Positive future visions for cultural heritage in Nordhordland UNESCO Biosphere Reserve
January 2024
The Norwegian team recently held a workshop for creating positive future visions for cultural heritage and cultural landscapes in the Nordhordland region, using the interactive Seeds of Good Anthropocenes (SoGA) method.
The SoGA method was developed by researchers at the Stockholm Resilience Centre (https://goodanthropocenes.net). In SOGA workshops, participants are asked to envision a realistic and optimistic vision of what the world can be, and to identify existing “seeds” (initiatives, projects, networks, etc.) in the region that can be upscaled to reach their vision for the future. In the CULTIVATE version of this method, the vision was set to 2034 and related to the local context for cultural heritage and cultural landscapes of the project’s biosphere reserves.
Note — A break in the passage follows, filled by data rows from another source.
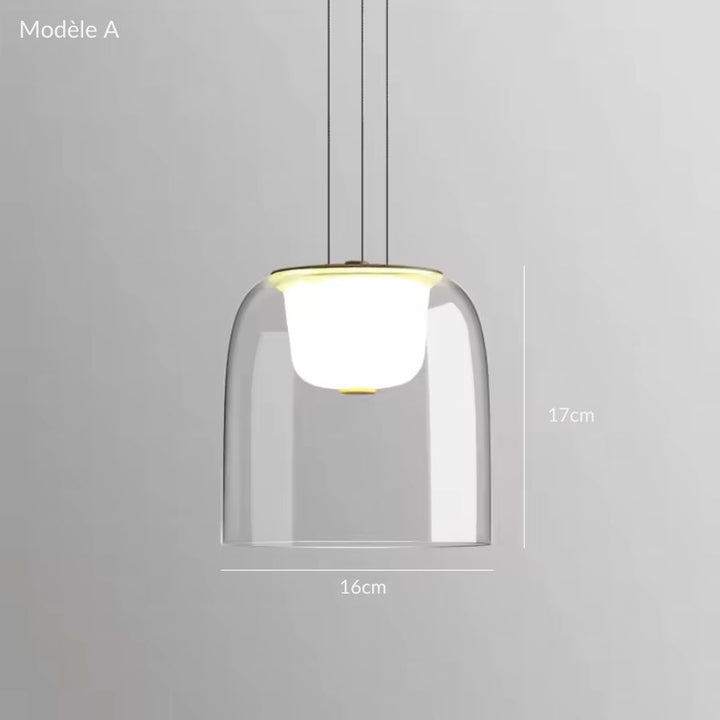 Modèle compact de suspension en verre transparent avec diffuseur opalin, au design épuré et contemporain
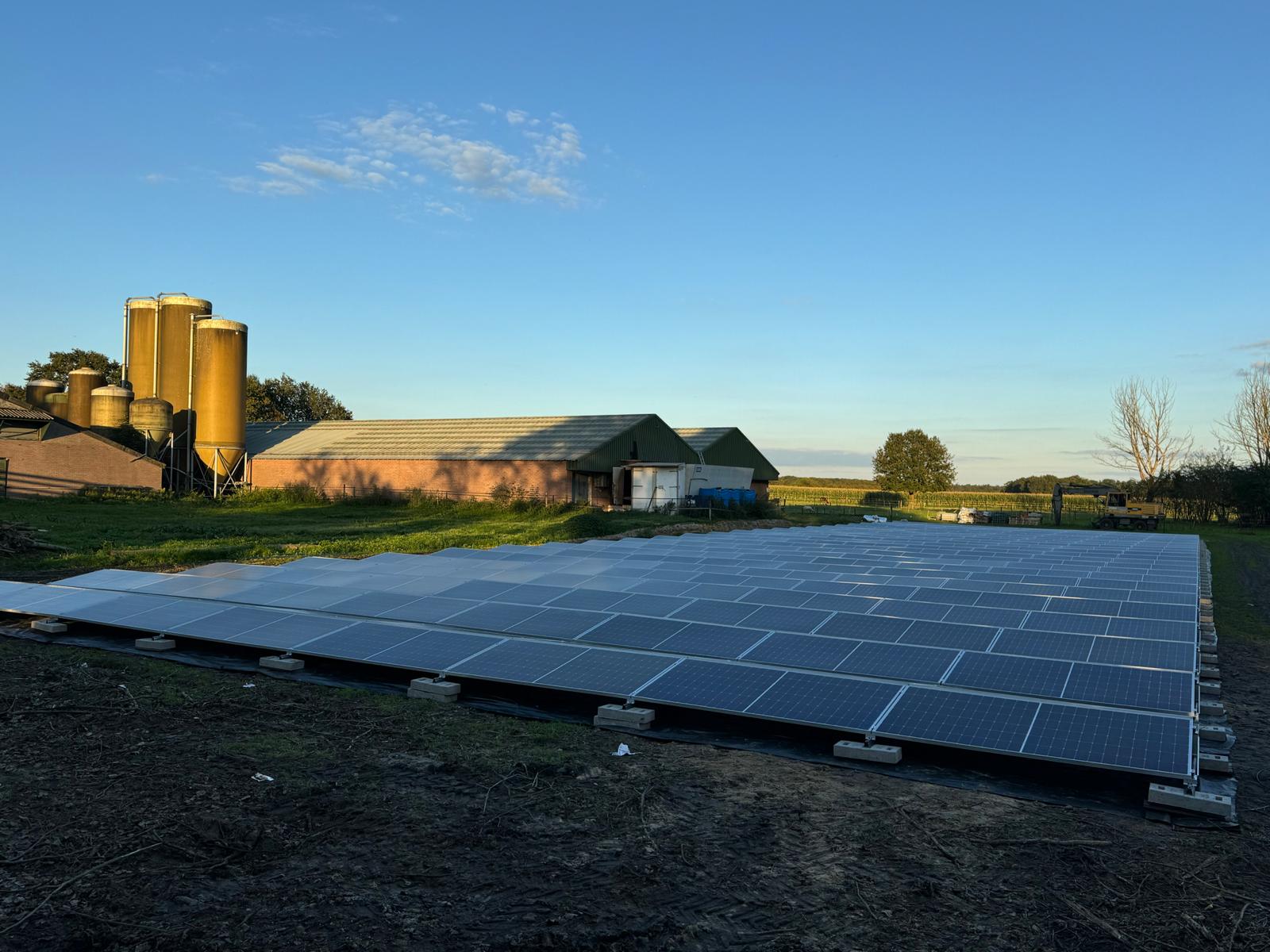 Grote veldopstelling met zonnepanelen bij een agrarisch bedrijf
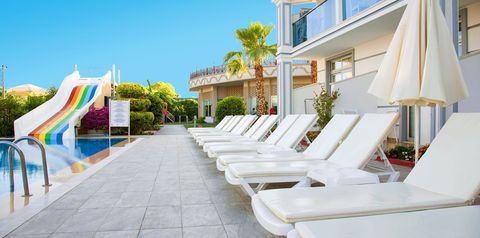 zjeżdżalnia, basen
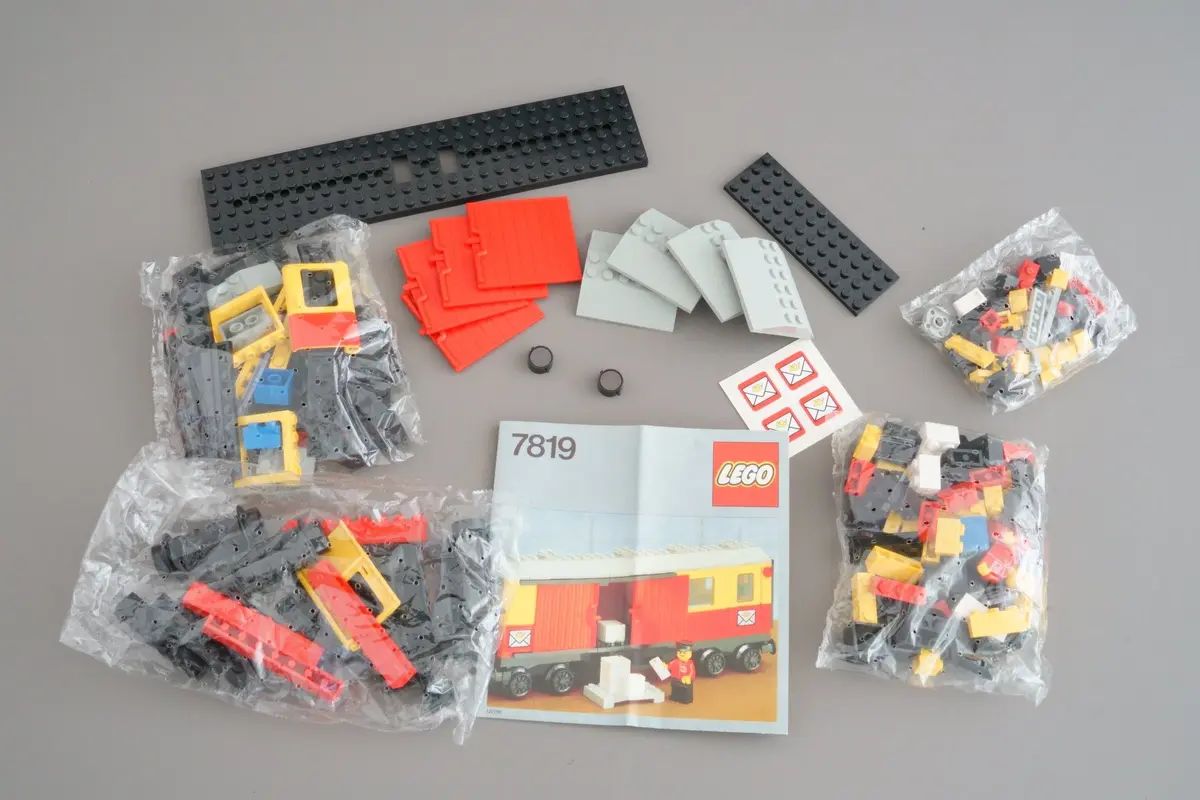 LEGO Trains 7819 Postal Container Wagon set, image 7
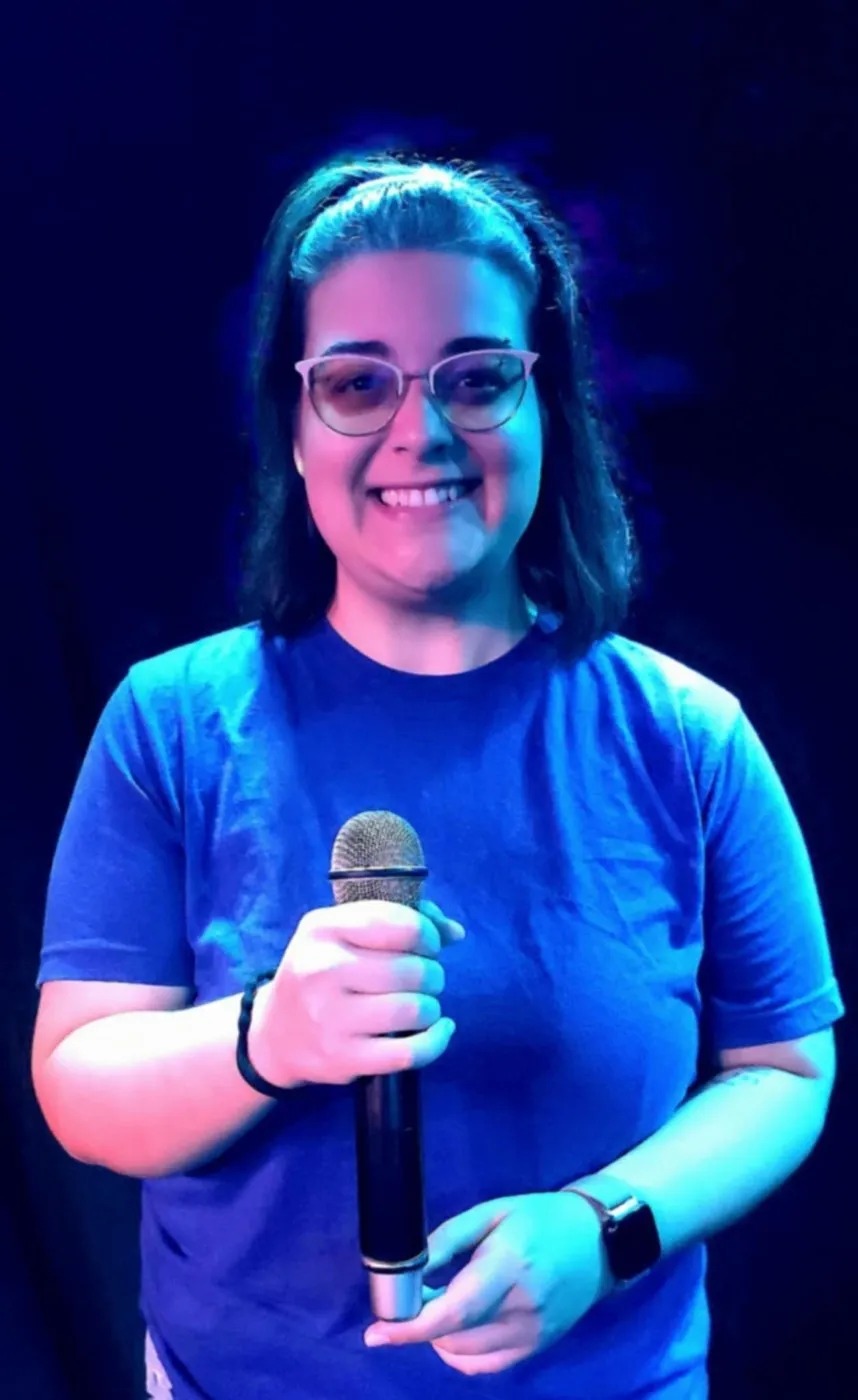 Ari Pogact performing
In Nordhordland, different stakeholders within cultural heritage, agriculture, municipalities, and business from all municipalities in the BR were invited to attend the workshop. We had 14 participants from four municipalities, and we completed the workshop in four separate groups. Inger Måren and Silje Östman from the CULTIVATE team, and Kari Natland and Kjersti Isdal from the Biosphere team were there to guide the groups through the exercises.
The groups were very productive and engaged, and we struggled to stay within our time frame because there was so much to discuss! They produced four different future visions, although there was a clear focus on preserving cultural landscapes and traditional food production system, utilizing existing resources sustainably, and reusing and recycling old materials. Maybe all of these visions will be realized in the next ten years!
-
A future for the proud farmer who distributes their products locally and maintains the cultural landscapes.
-
From consumption to utilization: Using knowledge from the past to live sustainably with existing resources in our landscapes. Consumerism is abandoned.
-
Backwards is the new forward: Preserved, re-visualised and sustainable.
-
2034: Nordhordland is a region that protects and utilises resources in a sustainable way.
We are looking forward to comparing the Norwegian outcomes of this workshop to those of Scotland, Estonia and Czechia.